Editorial Note: I originally wrote this post for the SubMain blog.  You can check out the original here, at their site. While you’re there, take a look around at some of the other posts and at their offerings.

Today, I’d like to offer a somewhat lighthearted treatment to a serious topic.  I generally find that this tends to offer catharsis to the frustrated.  And the topic of code review tends to lead to lots of frustration.

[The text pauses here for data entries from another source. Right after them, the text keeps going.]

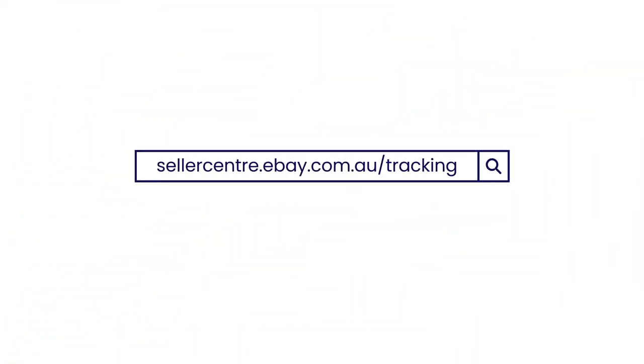You can learn more at sellercentre.ebay.com.au/tracking.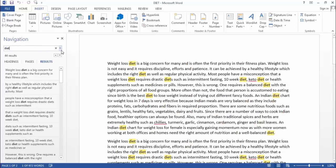Now friends, as you can see, this word is repeated 44 times in this document.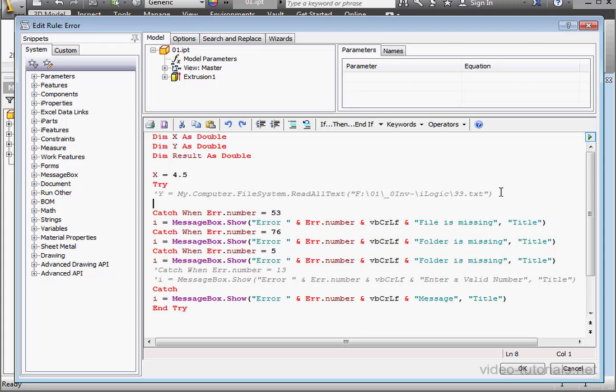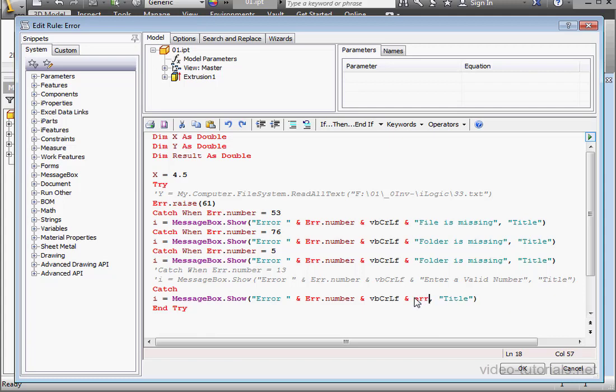So let's type the function ERR.RAISE. Let's use error 61. And we'll modify our message. ERR.Description.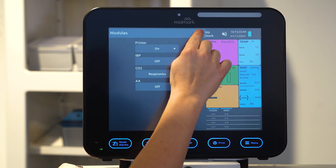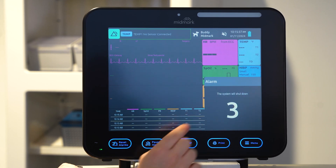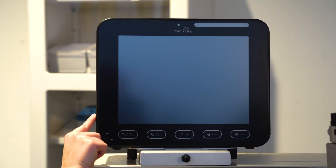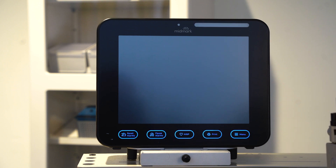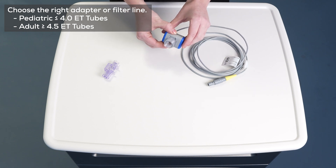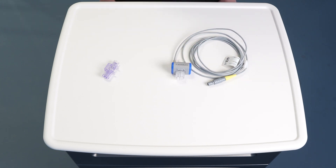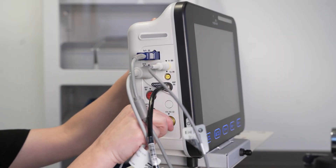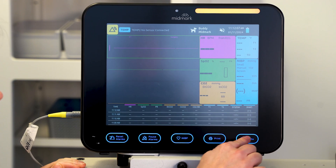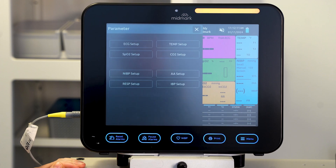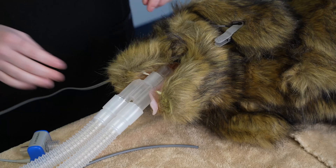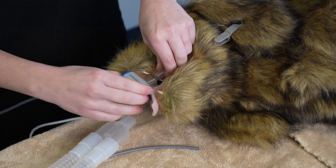To shut down the monitor, press the X in the upper right hand corner and select OK. Turn the monitor back on by pressing the power button. Next, gently insert the appropriately sized adapter or filter line into the CO2 sensor. Plug the CO2 cable into the CO2 port on the side of the monitor. Allow the sensor to warm up and then start the zero calibration. Press settings, select parameter setup, select CO2 setup, and press start zero calibration. After successful zero calibration, the sensor is now ready to attach to the patient.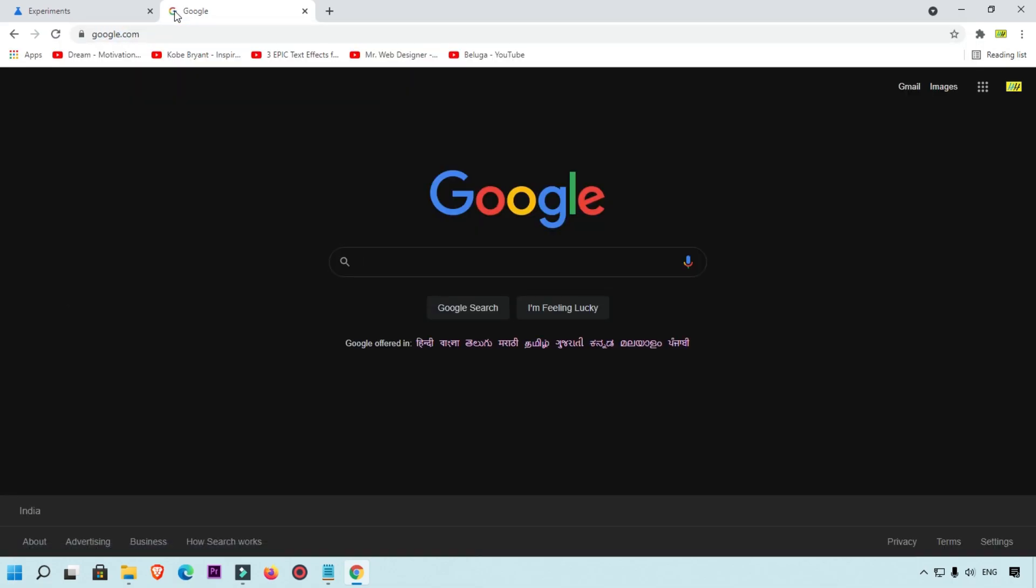And here you can see Google search is converted into dark mode. So this is the tutorial which I want to share with you guys: how you can easily convert your Google search as a dark mode.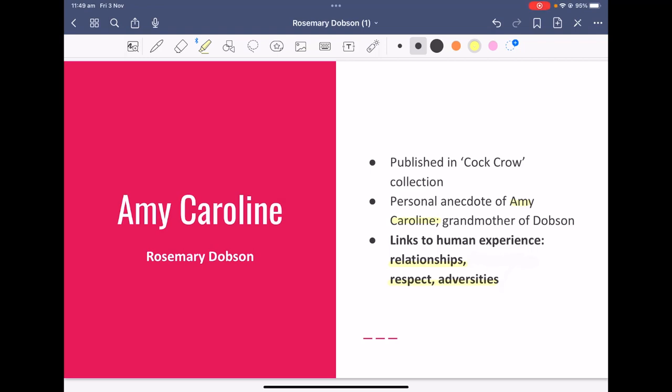Hello. The poem we'll be looking at today is called Amy Caroline by Rosemary Dobson. This poem was published in the Cock Crow collection, and it's basically a personal anecdote of Amy Caroline, who was the grandmother of Rosemary Dobson. Some key links to the human experience to consider as you read the poem are relationships, respect, and adversities.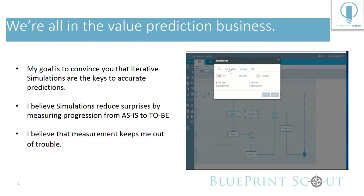What I really want to do is I want to make the case for simulation, but solving the simulation problem is difficult. And the reason it's difficult is because it bumps up against reality.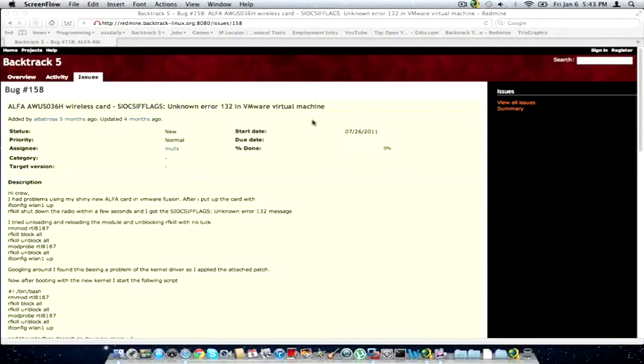This is Hexer18. How's it going? In this video, I'm going to be going over a bug issue in Backtrack 5 that many of you have come across, including myself.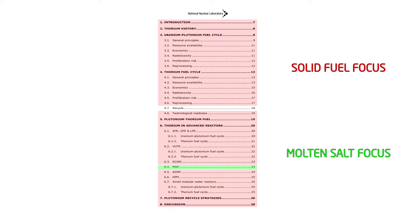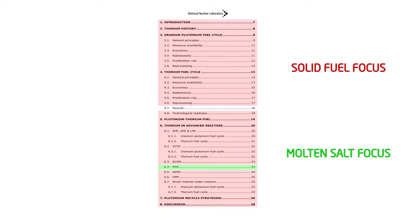The United Kingdom's NNL report correctly identifies the advantages offered by molten salt reactors in its molten salt reactor section. That is, page 23. However, the full implications of molten salt reactors are not examined throughout the different sections.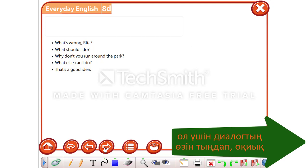In order to check our answers, let's listen and read this dialogue.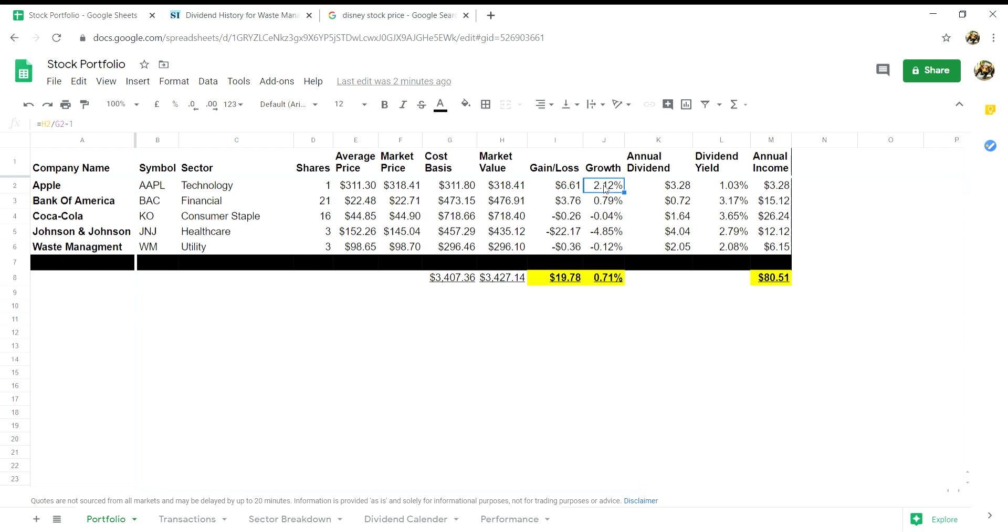Column J will give you your gain loss percentage, and this is simply H, so market value in column H divided by column G cost basis minus one.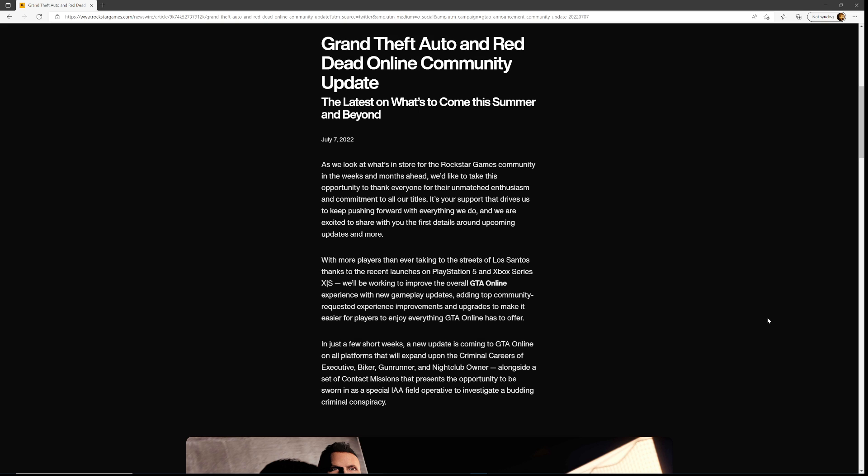We are excited to share with you the first details around upcoming updates. With more players than ever taking the streets of Los Santos thanks to recent launches on PS5 and Xbox Series, we'll be working to improve the overall GTA Online experience with new gameplay updates, adding community-requested improvements and upgrades.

When talking about code review, I always make sure to offer a specific distinction.  We can divide code reviews into two mutually exclusive buckets: automated and manual.  At first, this distinction might sound strange.  Most reading probably think of code reviews as activities with exclusively human actors.  But I tend to disagree.  Any static analyzer (including the compiler) offers feedback.  And some tools, like CodeIt.Right, specifically regard their suggestions and automated fixes as an automation of the code review process.

I would argue that automated code review should definitely factor into your code review strategy.  It takes the simple things out of the equation and lets the humans involved focus on more complex, nuanced topics.  That said, I want to ignore the idea of automated review for the rest of the post.  Instead, I’ll talk exclusively about manual code reviews and, more specifically, where they tend to get ugly.

You should absolutely do manual code reviews.  Full stop.  But you should also know that they can easily go wrong and devolved into useless or even toxic activities.  To make them effective, you need to exercise vigilance with them.  And, toward that end, I’ll talk about some manual code review anti-patterns.